コントローラーをぽいっと放り投げて、東堂の方を向けばお得意の「ウザくはないな!」が返ってきた。いや、ウザいです。


「よし、ゲームの電源を今すぐ切って外に散歩に行こうじゃないか」
「えー、この前も東堂の我儘に付き合ったじゃん〜」
「わ、我儘!?名前の為を思ってだな!」
「たまには一緒にゲームしよー」


ごちゃごちゃ言ってる東堂の手を無理やり引っぱって、隣に座らせる。そして有無を言わさず東堂の手にコントローラーを握らせた。


「な...!やらんぞ!」
「やろうよ〜、ねえねえ」
「だめだ!名前は放っておいたらずっと篭もりきりだからな!最後に体を動かしたのはいつだ?」
「先週かなあ?ほら、東堂とセッ」
「言わんでいい!」
「またまた〜、ノリノリだったじゃないですか〜」
「だから!言わんでいい!」


うわー、顔赤〜い。ピュアだよねー。からかいがいあるよねー。イケメンの癖にこういう話するとこれだもん。ファンクラブのみなさーん!東堂って実はすんごいむっつりなんですよー!って...言いふらしたくなる。ファンクラブの皆さんが知ったらどう思うかね、うぷぷ。まあ、私だけが知ってれば良いから言わないんですけど〜。


「そんじゃ、ここ座らせてよ。イチャイチャしながら一緒にゲームしよ?」


胡座をかく東堂の膝の上をちょんちょん、とつついてみる。案の定、顔を真っ赤にしつつ...コホンとひとつ咳払いして「今日だけだからな」と東堂名物甘やかしモードに突入した。よっしゃ。内心ガッツポーズしながら失礼します、とそこへ座る。


「ねえ、兄ちゃんの部屋から面白いもの持ってきたんだ〜」
「ちゃんと借りますって言ってから持ってきたんだろうな?」
「あーはいはい次から気をつけます」


お説教モードに切り替わった東堂のぶつくさを右から左にさよならして、よいしょと借りたゲームをセット。オープニングが流れ始めたのに、未だに喧しい東堂の頬をむにっと摘んで黙らせて、二人でそれを眺める。複数の女の子達が一通りキャッキャウフフし終わったら、タイトルがデカデカと表示された。


「どきどきメモリアル...ってなんだ?」
「ほら、東堂モテモテだからさあ?恋愛ゲームとか得意かなって」


煽ててみせると、頭の上の東堂がニヤニヤし始めたのが空気でわかる。なんてチョロい男なのでしょう。


「名前は彼氏のことをよくわかってるな!現実でも仮想世界でも、どんな女子も俺の虜にしてやろうではないか!」


ワーッハハハといつもの高笑い。間近で聞くとこんなに喧しいものはない。けど、機嫌を損ねると面倒だからそのまま放置。

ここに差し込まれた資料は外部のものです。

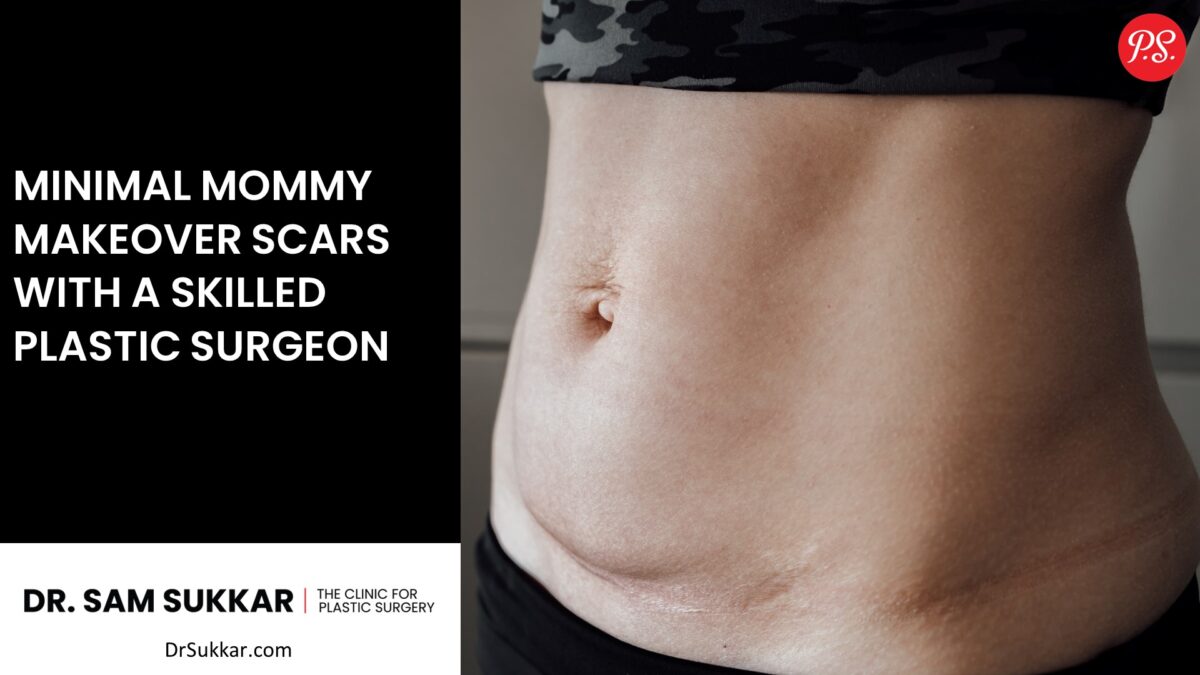 Minimal Mommy Makeover Scars with a Skilled Plastic Surgeon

「名前を入力?なんだこの山田太郎というデフォルトの中のデフォルトな名前は!ここは、山神東堂だな」
「ちょ、山田太郎に謝って。てか、え...それだと苗字が山神で名前が東堂になるけど」
「構わん!」
「あー、うん、お好きにどうぞ」


.....ほんと、東堂って見た目と自転車に全振りしちゃった残念な男だわー。いやまあ、そこが好きっちゃ好きなんですけどね。


ゲームを進めていると現れる個性豊かな女の子達。現実世界と違って、コミュ障にも優しい選択肢というシステムがある。ある程度女の子達の性格を理解できれば答えは簡単...の筈なのに。それなのに、この男ときたら...


『私、自意識過剰な人って無理なの』
『付き合ってもいないのに馴れ馴れしいのよ』
『ウザイ、消えて』


「なんでだ!!」


尽くだめだめな選択肢ばかりを選んでいく。わざとか?彼女を笑わせようとしてるのか?いいや、違う。この男はいつも本気だ。

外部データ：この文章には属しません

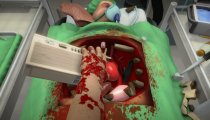 Surgeon Simulator - Trailer d'annuncio per la versione PlayStation 4 E3 2014
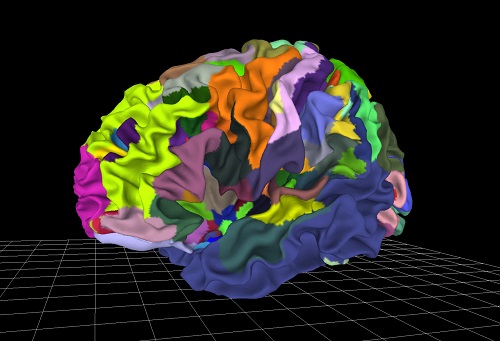 多层次人脑“活”图谱成新型诊断工具，可帮助研究精神疾病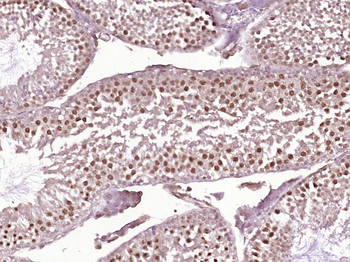 SGOL2 Rabbit Polyclonal Antibody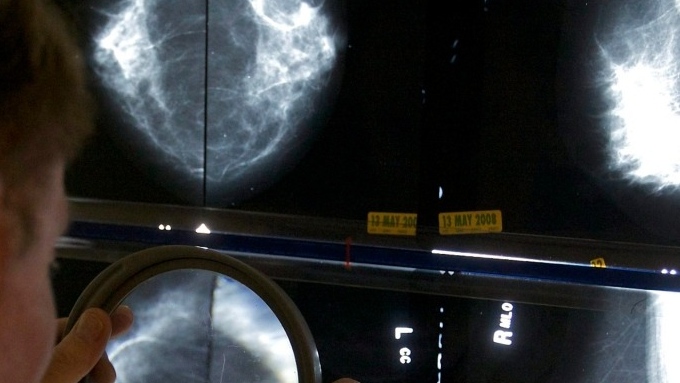 Saskatchewan to lower breast cancer screening eligibility on Jan. 1 [Video]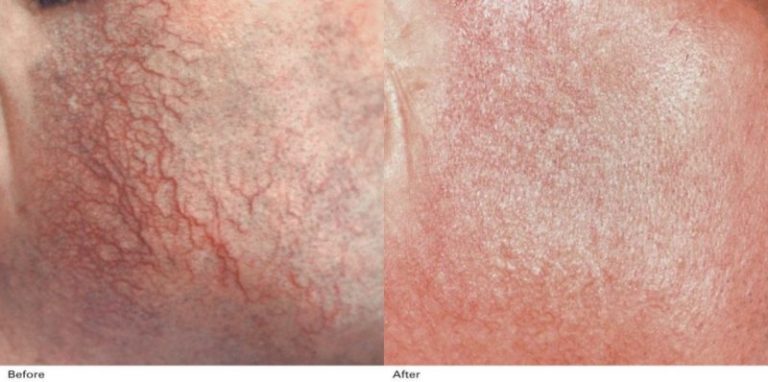 Rezultate_Inainte_si_dupa_Laser_medical_Syncro_FT__003-1-1024x510-800x398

「ねえ、殆どの女の子達に振られてるじゃん。ウケるし」
「...全くウケない!」


ぐぬぬ、と奴の負けず嫌いが発動する。電源をオフにしてまた最初からやり直してるけど、結果は同じ。もう何周しただろうか。明るかった外はすっかり暗くなり始めていた。

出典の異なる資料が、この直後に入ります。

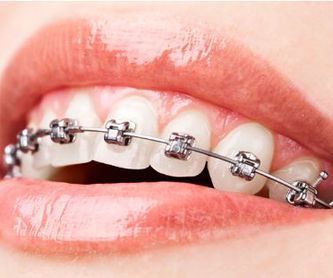 Prevención: Tratamientos de Centro Dental Europa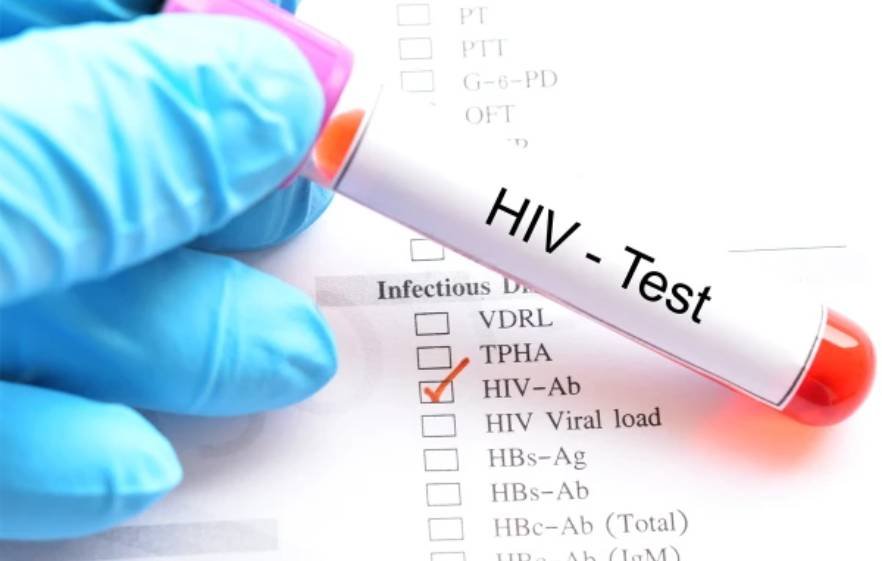 HIV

「ねー、東堂。そこまでやって結果同じなんだから、その世界で誰かと添い遂げるのは無理だ。諦めなさい」
「もー我慢ならん!この女子達はオレの走りを見ていないからこんな態度が取れるんだ!」
「いや、走りとか関係なくない?東堂の選択肢がそれ以前の問題でしょ。なんで最後の最後に毎度同じ選択すんの、馬鹿なの?」
「...ぐ!そもそも、こんな複数人に手を出そうとしている山田太郎が男として最低な奴だ!」
「いや、名前見て?山神東堂って書いてますけど」
「ぬわー!」


ぽいっとコントローラーを投げ捨てたかと思ったら、今度は私をそのままの体制で抱き締めた。い、いだだだ!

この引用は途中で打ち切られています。